> Material provided:
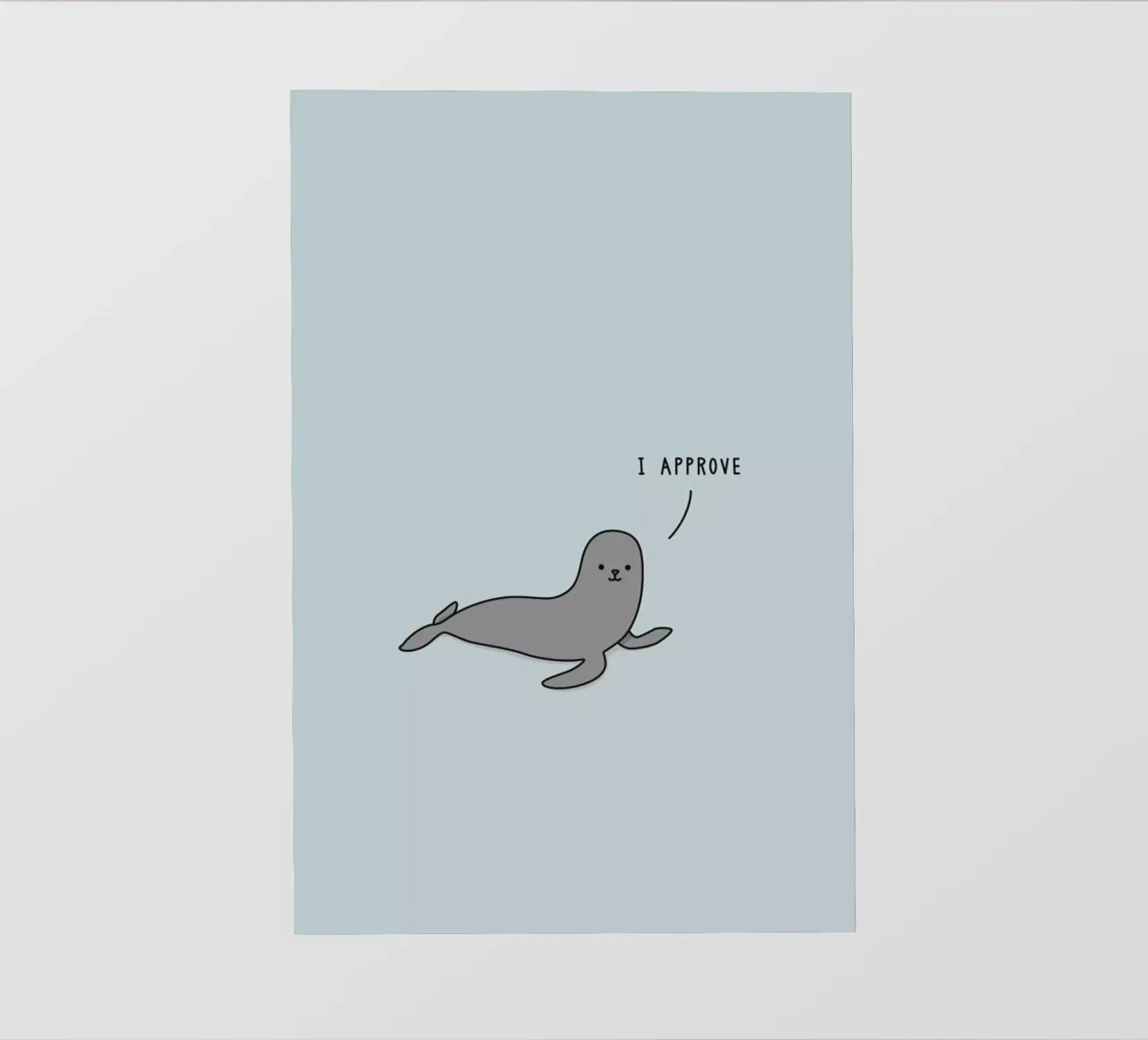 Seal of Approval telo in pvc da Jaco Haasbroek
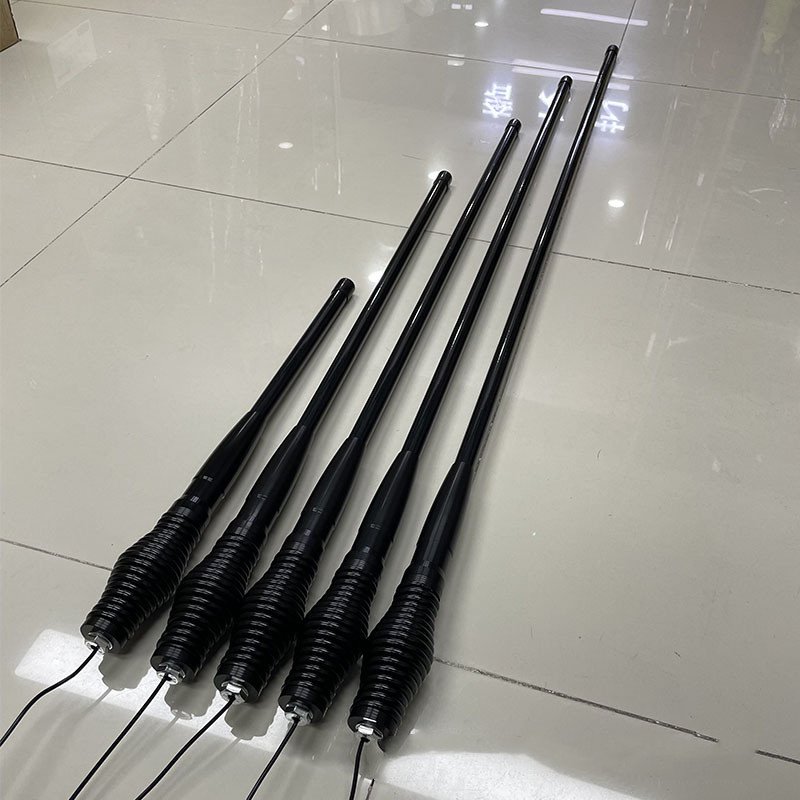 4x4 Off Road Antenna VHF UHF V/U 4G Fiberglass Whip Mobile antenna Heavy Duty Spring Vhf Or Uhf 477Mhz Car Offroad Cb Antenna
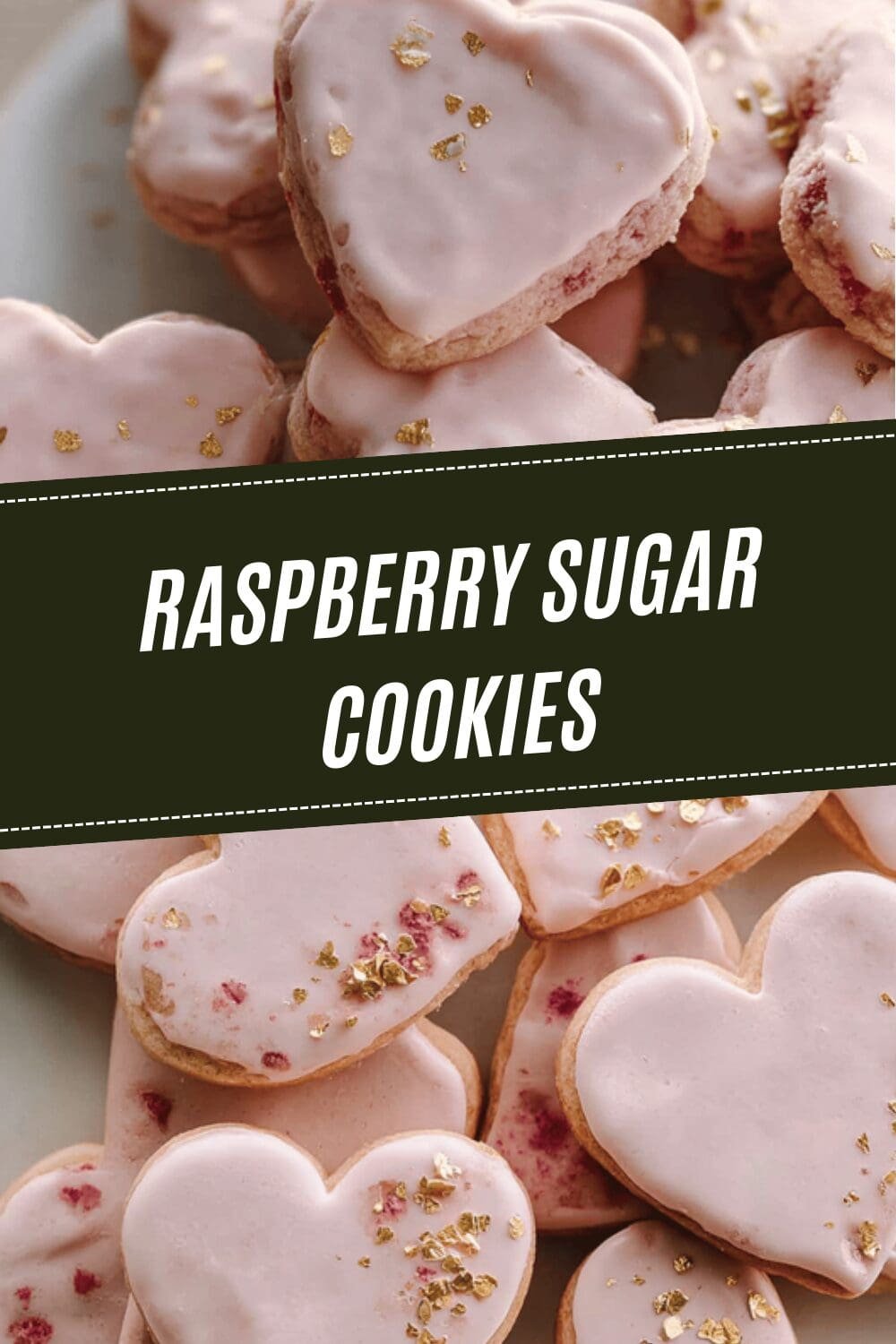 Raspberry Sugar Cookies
* * *
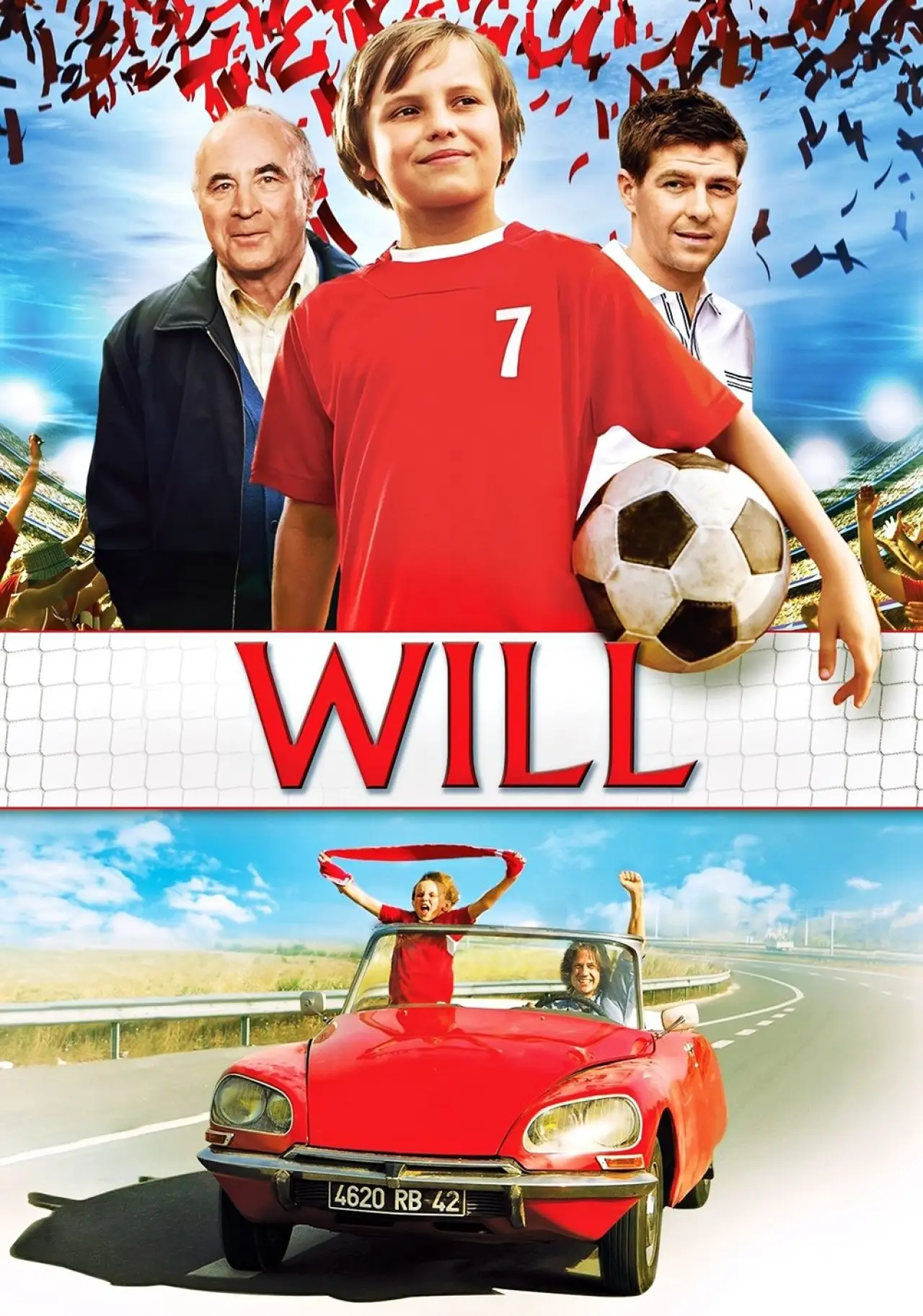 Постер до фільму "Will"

> Work task:
Range to print from the listing above: from the line with "Seal of Approval" up to and including the line with "Raspberry Sugar Cookies". Please print those lines exactly, with no pictures and nothing more.

> Solution for this exercise:
 Seal of Approval telo in pvc da Jaco Haasbroek
 4x4 Off Road Antenna VHF UHF V/U 4G Fiberglass Whip Mobile antenna Heavy Duty Spring Vhf Or Uhf 477Mhz Car Offroad Cb Antenna
 Raspberry Sugar Cookies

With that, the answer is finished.